--- RECORDS FOR THIS EXERCISE Enclosed Below ---
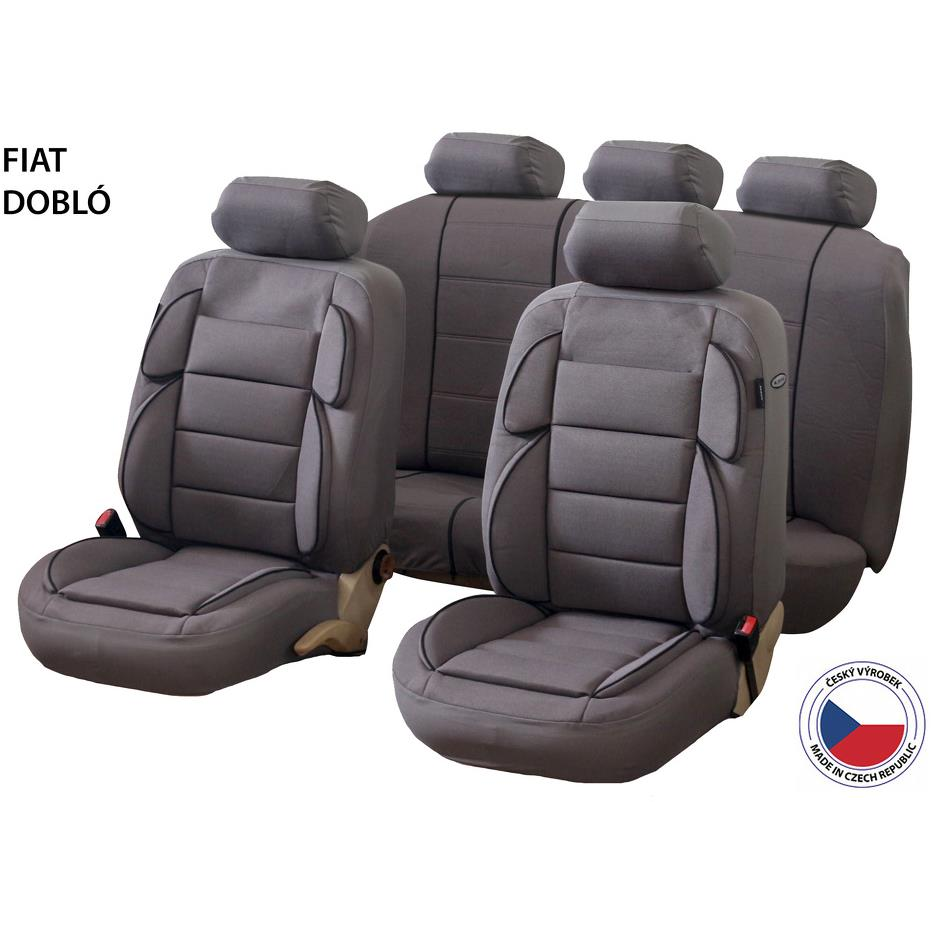 CAPPA Perfetto YL Fiat Doblo, szürke (14243)
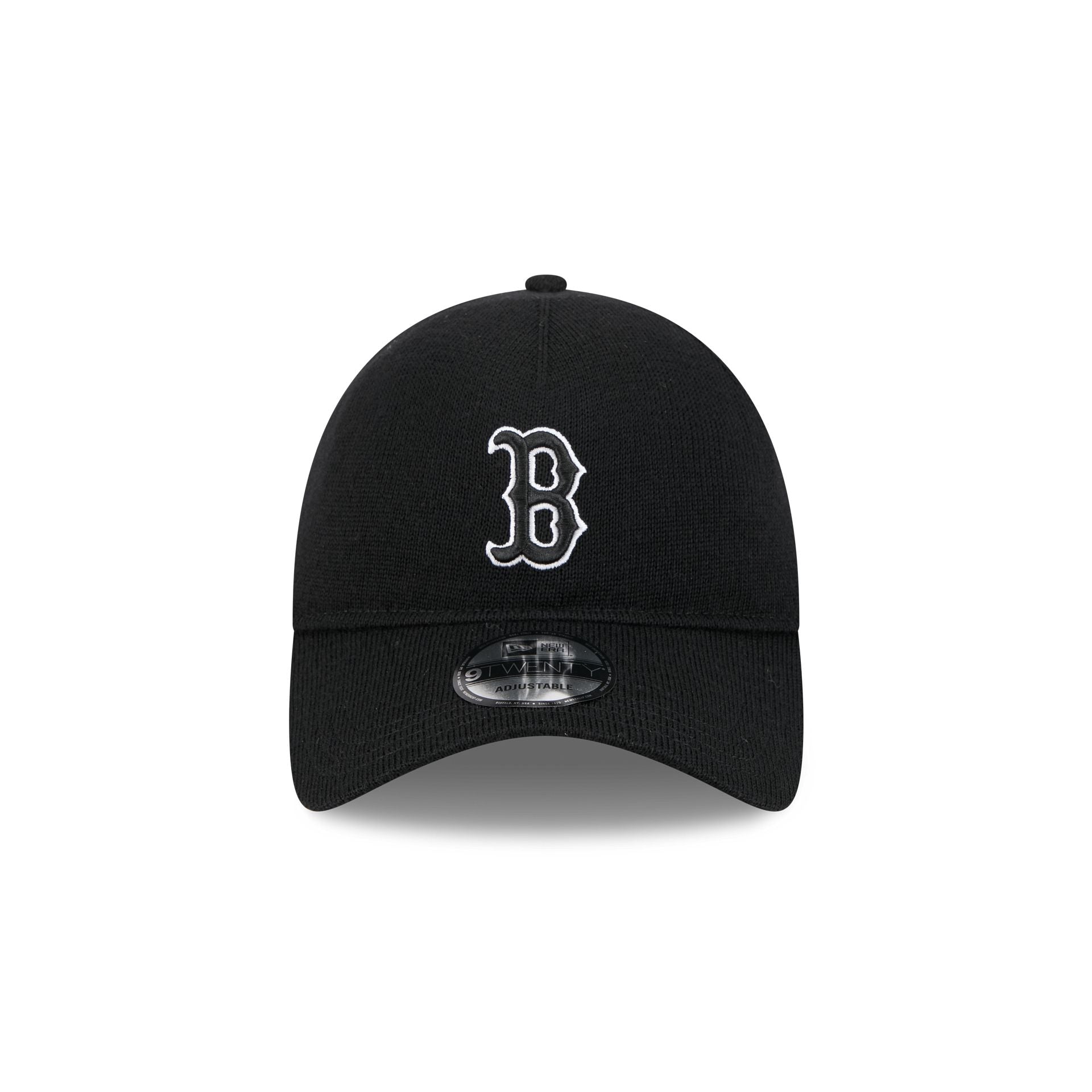 Boston Red Sox Merino Wool Black 9TWENTY Adjustable Hat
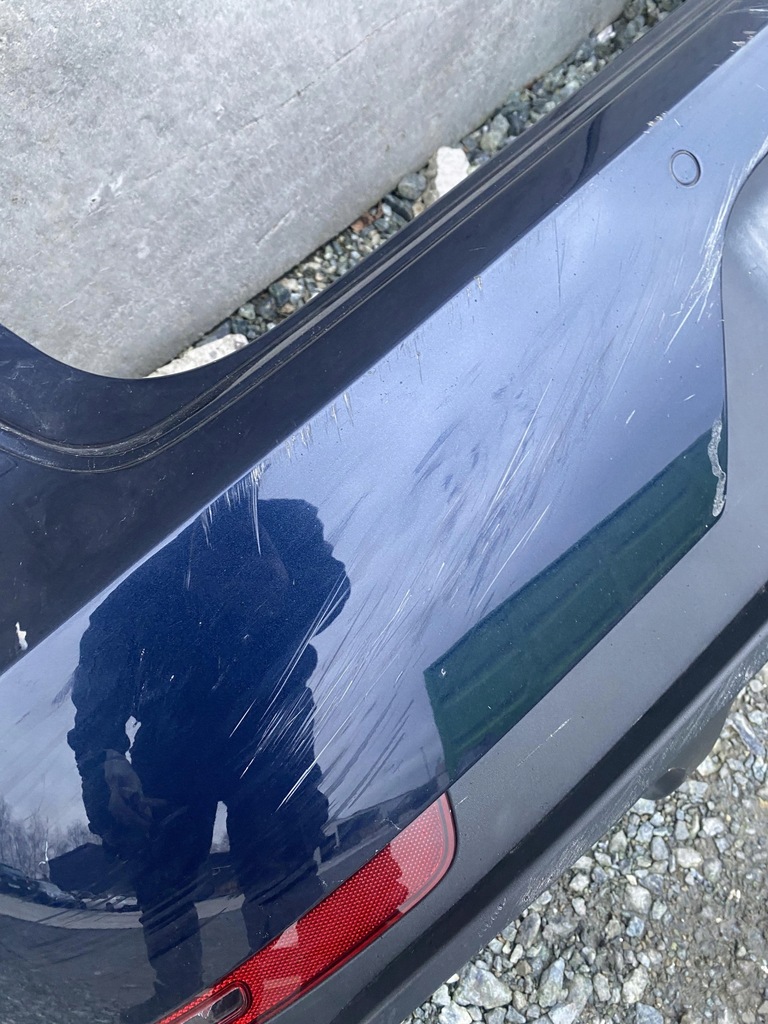 фото №8, Macan 95b бампер задняя pdc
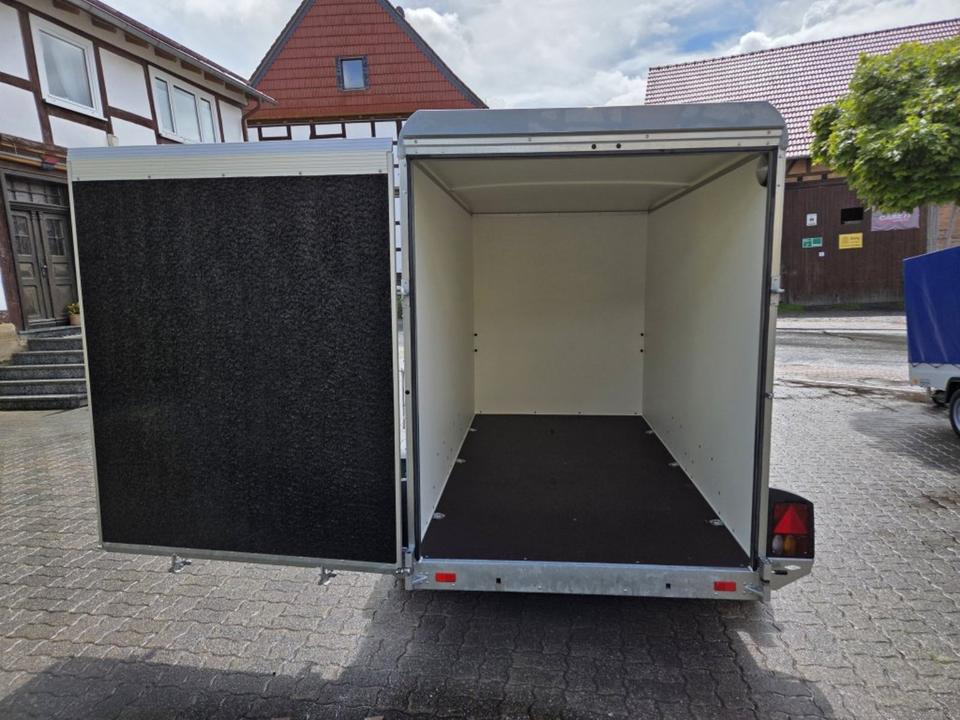 Kofferanhänger PKW-Anhänger Böckmann KT 3015/27 MF Rampe/Tür 2,7t leasing Kofferanhänger PKW-Anhänger Böckmann KT 3015/27 MF Rampe/Tür 2,7t: picture 9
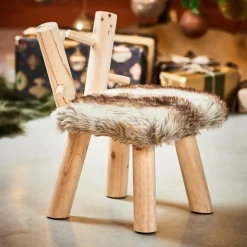 RUDOLF Tabouret Naturel^CASA Online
--- End of Enclosed RECORDS FOR THIS EXERCISE ---
YOUR INSTRUCTIONS:
Transcribe the whole listing exactly as it stands, apart from the pictures.

OUTPUT OF THE EXERCISE:
 CAPPA Perfetto YL Fiat Doblo, szürke (14243)
 Boston Red Sox Merino Wool Black 9TWENTY Adjustable Hat
 фото №8, Macan 95b бампер задняя pdc
 Kofferanhänger PKW-Anhänger Böckmann KT 3015/27 MF Rampe/Tür 2,7t leasing Kofferanhänger PKW-Anhänger Böckmann KT 3015/27 MF Rampe/Tür 2,7t: picture 9
 RUDOLF Tabouret Naturel^CASA Online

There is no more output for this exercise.